This class provides a way to store intensity, retention times, m/z and other data for all features in a set of analyses. The class is virtual and derived objects are created by 'feature finders' such as findFeaturesOpenMS, findFeaturesXCMS and findFeaturesBruker.

Value

featureTable: A list containing a data.table for each analysis with feature data

analysisInfo: A data.frame containing a column with analysis name (analysis), its path (path), and other columns such as replicate group name (group) and blank reference (blank).

delete returns the object for which the specified data was removed.
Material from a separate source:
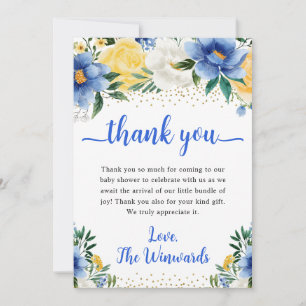 Tarjeta De Agradecimiento Fiesta de Bebé Flores de Verano Azul Boho y Amaril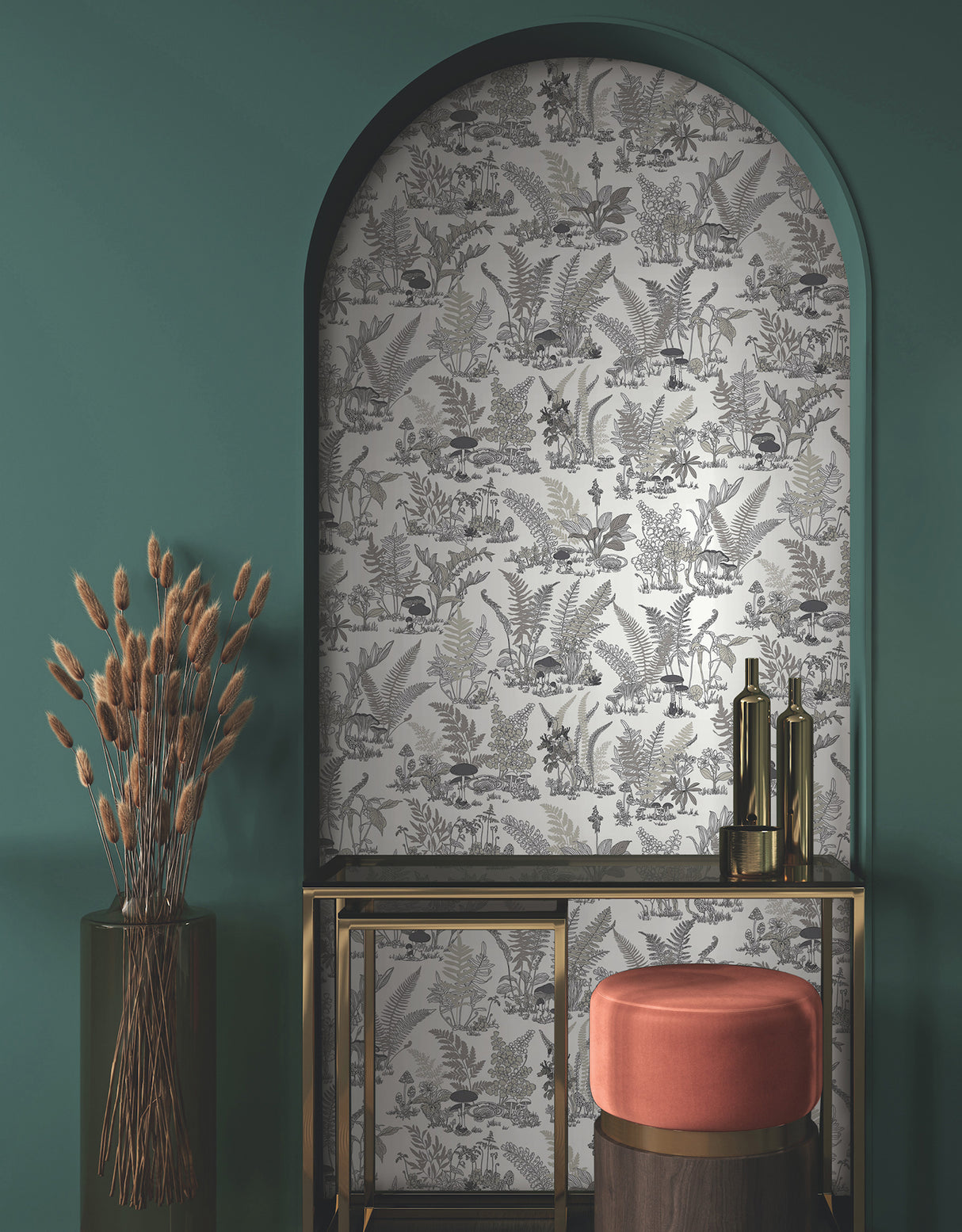 York RT7893 Mushroom Garden Toile Black & Grey Wallpaper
calculatePeakQualities returns a modified object amended with peak qualities and scores.

Methods (by generic)

length(features): Obtain total number of features.
show(features): Shows summary information for this object.
featureTable(features): Get table with feature information
analysisInfo(features): Get analysis information
analyses(features): returns a character vector with the names of the analyses for which data is present in this object.
replicateGroups(features): returns a character vector with the names of the replicate groups for which data is present in this object.
as.data.table(features): Returns all feature data in a table.
filter(features): Performs common rule based filtering of features. Note that this (and much more) functionality is also provided by the filter method defined for featureGroups. However, filtering a features object may be useful to avoid grouping large amounts of features.
x[i: Subset on analyses.
x[[i: Extract a feature table for an analysis.
$: Extract a feature table for an analysis.
delete(features): Completely deletes specified features.
calculatePeakQualities(features): Calculates peak qualities for each feature. This uses MetaClean R package to calculate the following metrics: ⁠Apex-Boundary Ratio⁠, ⁠FWHM2Base⁠, ⁠Jaggedness⁠, ⁠Modality⁠, ⁠Symmetry⁠, ⁠Gaussian Similarity⁠, ⁠Sharpness⁠, ⁠Triangle Peak Area Similarity Ratio⁠ and ⁠Zig-Zag index⁠. Please see the MetaClean publication (referenced below) for more details. For each metric, an additional score is calculated by normalizing all feature values (unless the quality metric definition has a fixed range) and scale from ‘⁠0⁠’ (worst) to ‘⁠1⁠’ (best). Then, a ⁠totalScore⁠ for each feature is calculated by the (weighted) sum of all score values.
getTICs(features): Obtain the total ion chromatogram/s (TICs) of the analyses.
getBPCs(features): Obtain the base peak chromatogram/s (BPCs) of the analyses.
plotTICs(features): Plots the TICs of the analyses.
plotBPCs(features): Plots the BPCs of the analyses.

Slots

features: List of features per analysis file. Use the featureTable method for access.
analysisInfo: Analysis group information. Use the analysisInfo method for access.

S4 class hierarchy

workflowStep
- features
  - featuresSet
  - featuresUnset
  - featuresFromFeatGroups
  - featuresConsensus
  - featuresBruker
  - featuresEnviPick
  - featuresKPIC2
  - featuresOpenMS
  - featuresSAFD
  - featuresSIRIUS
  - featuresBrukerTASQ
  - featuresXCMS
  - featuresXCMS3

Sets workflows

The featuresSet class is applicable for sets workflows. This class is derived from features and therefore largely follows the same user interface.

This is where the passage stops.